This past year I have taught a number of photo workshops in various parts of the world. Whether in New York City, the Sahara desert or the mountains of Tibet my students all benefit by being reminded of these basic tenets of photography.
1. Know your camera. Use it once a week so you are adept at all of the controls. Don’t take it out just for vacations, holidays and birthdays
2. Get closer to your subject; Zoom with your feet not with your lens.
3. Don’t concentrate on just the central part of the frame. Look at the entire image in your viewfinder. Is your background helping or hurting your picture?
4. Watch your composition. Do not put your subject’s head in the middle of the frame. You will end up with only half of a picture. The top half will be empty sky or something else unimportant. Focus on your subject, then recompose.
5. Use a high shutter speed to keep your images sharp. Increase your ISO if you can’t achieve a high shutter speed.
6. Work the situation, don’t take one or two photos and move on. Keep shooting, changing angles and your point of view.

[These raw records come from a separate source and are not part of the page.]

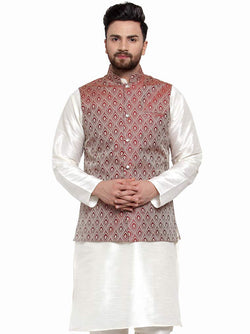 Jompers Mens Woven Jacquard Nehru Jacket
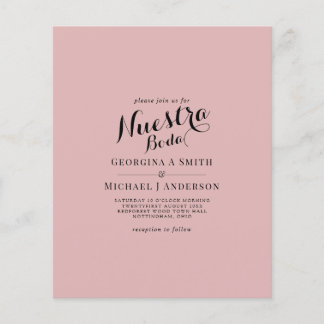 BUDGET Spanish Wedding Bilingual Boda Wedding Flye Flyer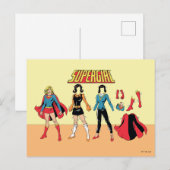 Supergirl papier Doll Grafisch Briefkaart (Voorkant / Achterkant)
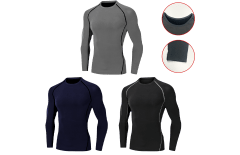 CAMISETA DE HOMBRE CON POLAR COLOR LISO PRIMERA CAPA  | 12 UNID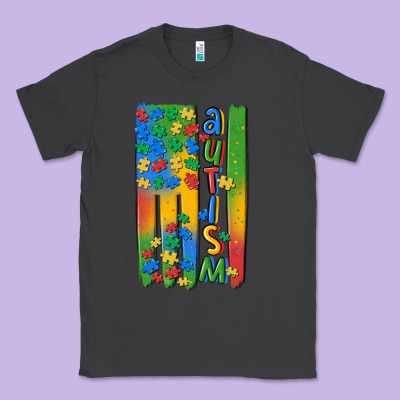 Autism American Flag Classic Tee Designed By Maliassmallbusiness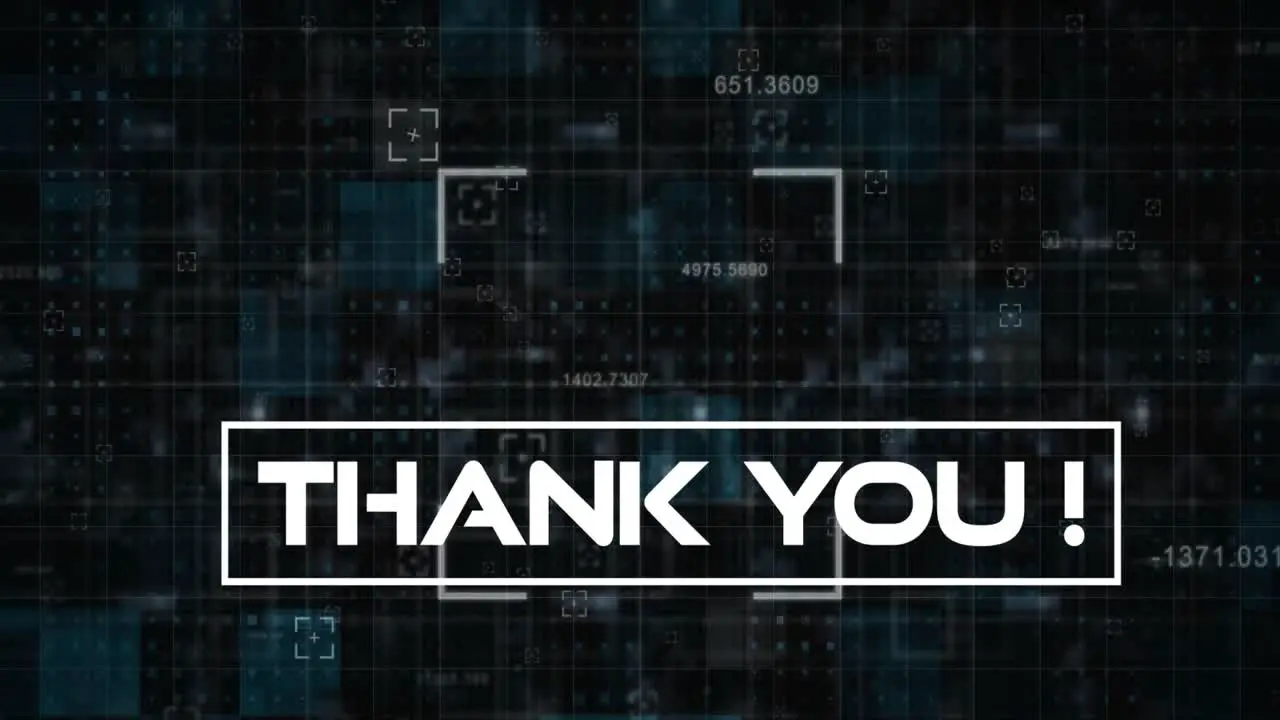 Animation of thank you over data processing on black background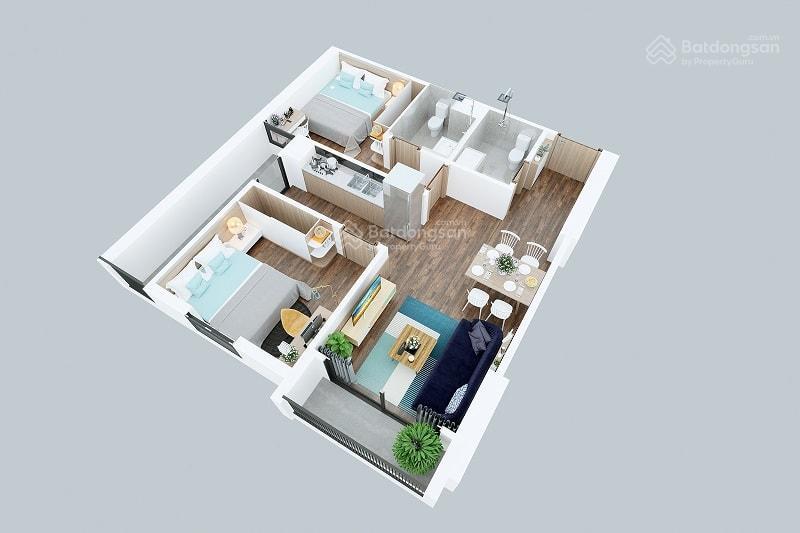 Căn hộ 62m2 hướng nam, view bể bơi. t7 2pn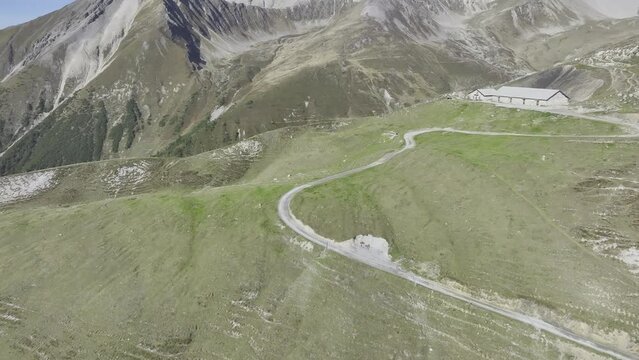 Alp da la Creusch, Aroser Rothorn and Furcletta in the background, Piz Mulain on the left, drone image, Alvaneu, Grisons, Switzerland, Europe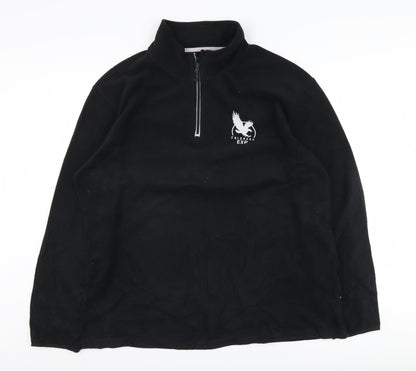 Mens UK Size 2XL Atlasformen Black 1/4 Zip Sweatshirt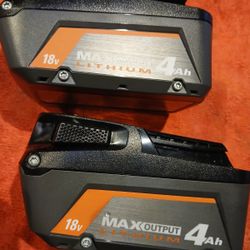 18v RIDGIG Max Output Lithium 4.0ah Both 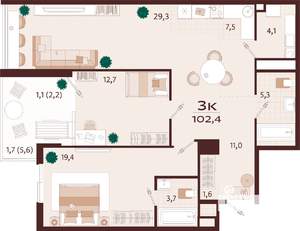 3-к квартира, строящийся дом, 102м2, 6/7 этаж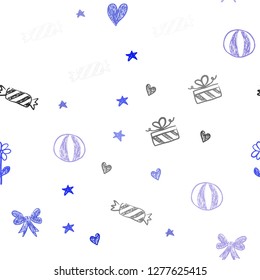 Light Pink, Blue vector seamless backdrop in holiday style. Illustration with a gradientheart, baloon, candy, gift, star, ribbon. Pattern for birthday gifts.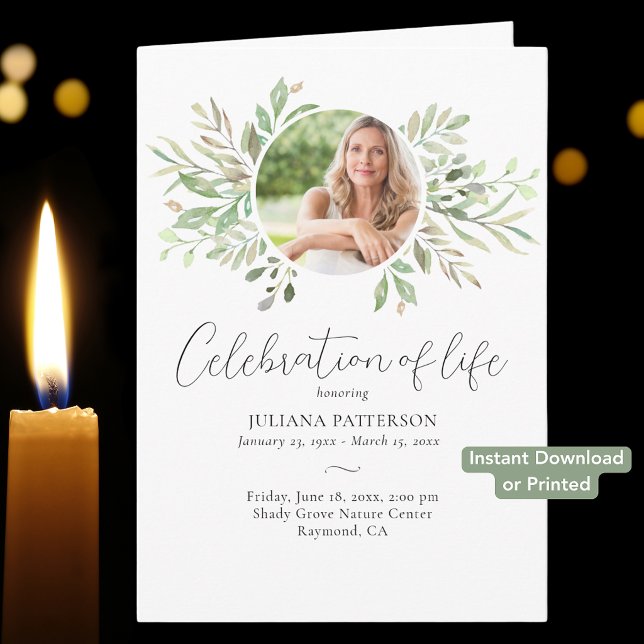 Celebration Life Botanical Digital Funeral Program (Creator Uploaded)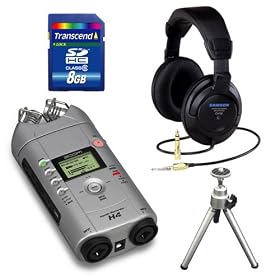 Zoom H4 Handy Recorder + Samson CH700 Headphones + Transcend 8GB SD Card + Mini Tripod + Unique Squared Vinyl Stickers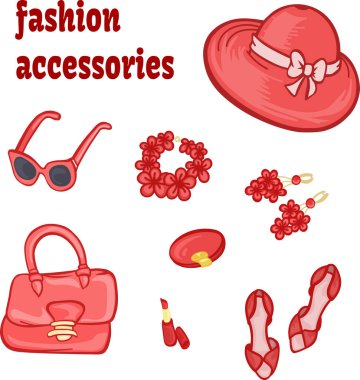 fashion accessories set of red elements female items handbag hat decoration vector illustration
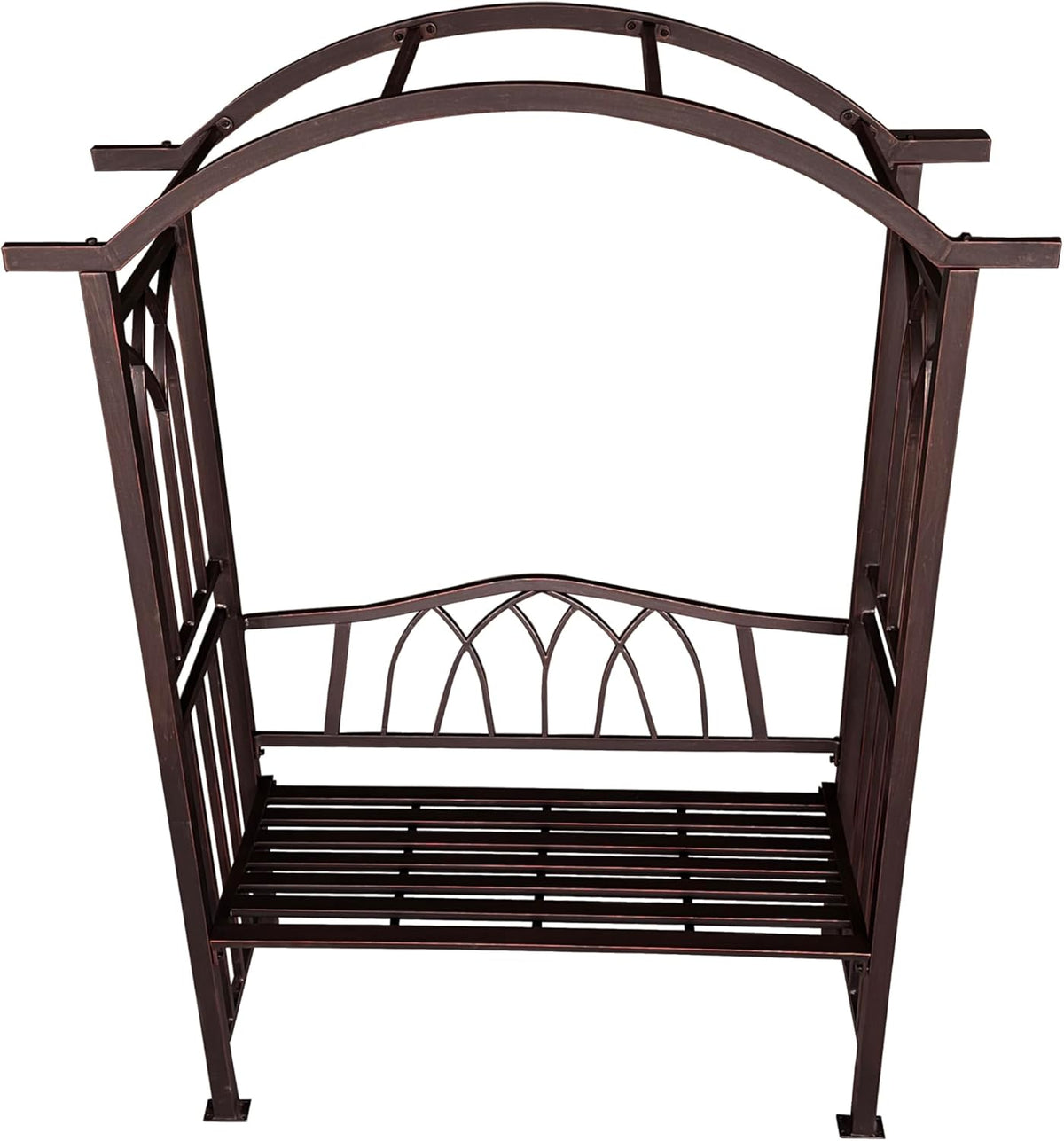 Bronze Aluminum Garden Arbor Arch with 2-Seater Bench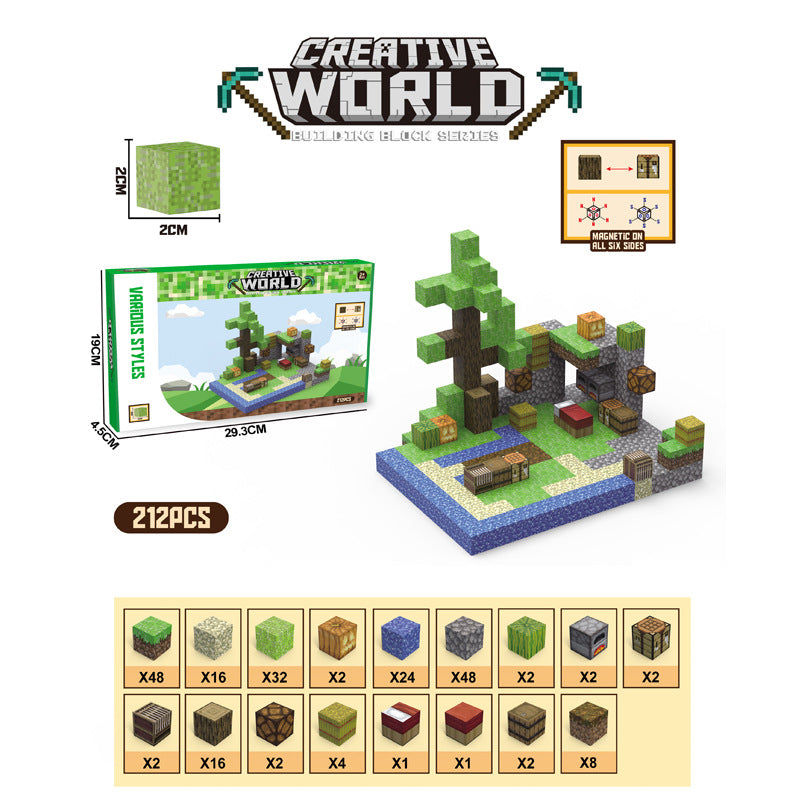 Minecraft game merchandise magnet blocks build magnets building blocks wholesale puzzle blocks building blocks gift toys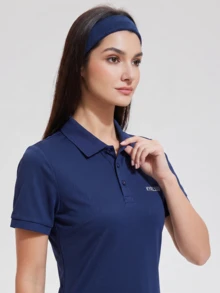 KyrLssu 女款素色短袖休閒健身戶外 Polo 衫，工作短袖領高爾夫 Polo 衫，戶外 Polo 衫夏季款，皮克球 - 藏蓝色 - 查看 2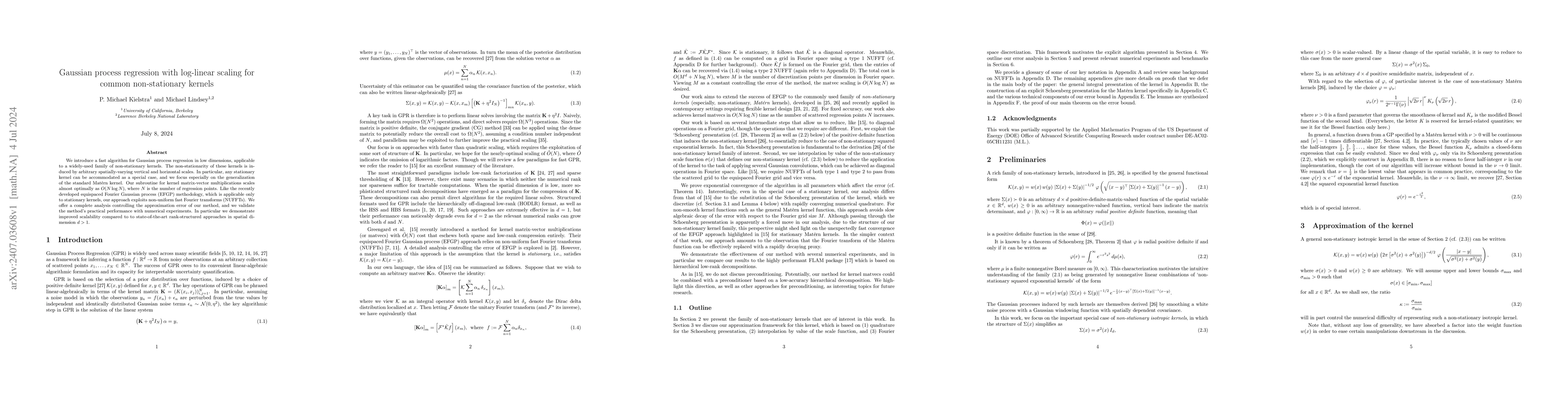 Thumbnail for Gaussian process regression with log-linear scaling for common
  non-stationary kernels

7. Be aware of light. Look at shadows and the angle of the light. Great light makes for great photos
8. Be careful when using wide angle lenses on landscapes. The camera will “see” a wide vista but will not focus on details like trees or waterfalls. This is because your eyes and brain see differently than your equipment.
9. Don’t overload yourself with equipment. You can shoot much faster and catch moments when you aren’t changing lenses.
10. And most importantly, Think Before You Shoot.